I'm not big on pointing out mistakes in other columns, but Tom Oates at Madison.com lost me in an article titled "NFL owners lesser of two evils":
Retired Packers president Bob Harlan always said the two most important things for the team's ability to survive were the salary cap and revenue sharing. Indeed, it is those things that give the Packers the same chance of winning the Super Bowl as the mega-market New York Giants.
The same can't be said in other sports. Does anyone really think the Milwaukee Brewers have the same chance of winning the World Series as the Yankees?
The courts are unpredictable and there are no guarantees that they or the players will see the big picture regarding parity and the league's success. The owners have demonstrated that they understand that concept, which is why Packers fans should pull for them, however grudgingly.
So he "grudgingly" supports the owners because they know what works best: "the salary cap and revenue sharing."
Except Jerry Jones and Dan Snyder want to do away with the salary cap and revenue sharing.
As the NY Times pointed out, the first issue in the labor battle is what percentage of revenue should go to the players, and the second issue is "how the owners will divide their share of $8 billion in annual revenue." The first issue is getting all the headlines as the players and owners battle in public, but the second one is all done behind closed doors. From the NY Times:
The N.F.L. also harnessed television wisely. In 1961, teams agreed to divide television revenue equally and began selling league rights as a package. Green Bay, with a tiny television market, took in as much as the Bears in Chicago. When merchandising and corporate sponsorships began pumping money into sports, the N.F.L. also split that income equally. By contrast, the bulk of baseball’s television revenue is locally derived, and team revenues are disparate.

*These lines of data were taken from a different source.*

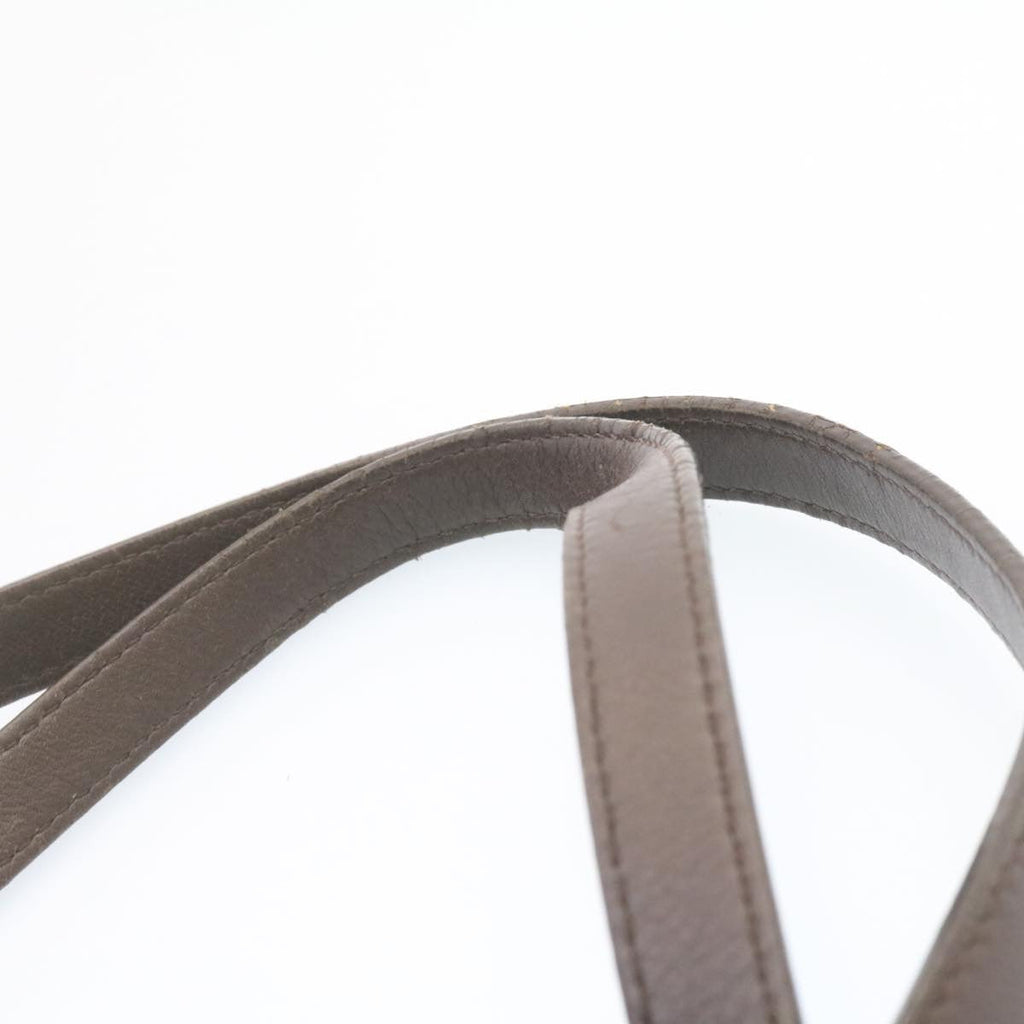 GUCCI GG Canvas Tote Bag PVC Leather Brown 336776 23085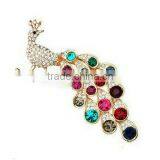 Fashion Female Exquisite Alloy Rhinestone Peacock Brooch FQ-8468 thumbnail-1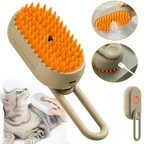 Pet Steam Grooming Brush - 3-in-1 Design for Efficient Pet Care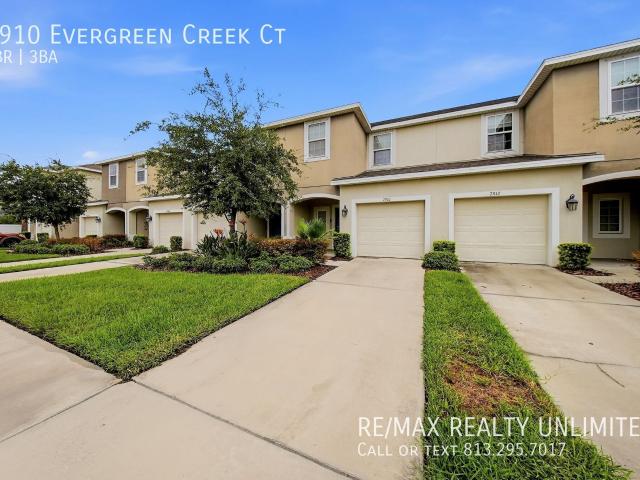 3 BR, 2.5 BA Apartment 7910 Evergreen Creek Ct, Riverview, FL 33578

Buffalo Rumblings has a post from 2007 about revenue sharing, and unfortunately former Chiefs owner Lamar Hunt is no longer with us to remind the owners that this helped make the NFL a success. Revenue sharing began back when the players had no clout, and I don't know how they could force the owners to share revenue anyway. That seems like an issue for the owners to tackle alone.
The owners don't own any ideological high ground here. Jones and Snyder would end the salary cap and revenue sharing tomorrow if they could, and they'd take a short-term payday now even if it could harm the NFL over time.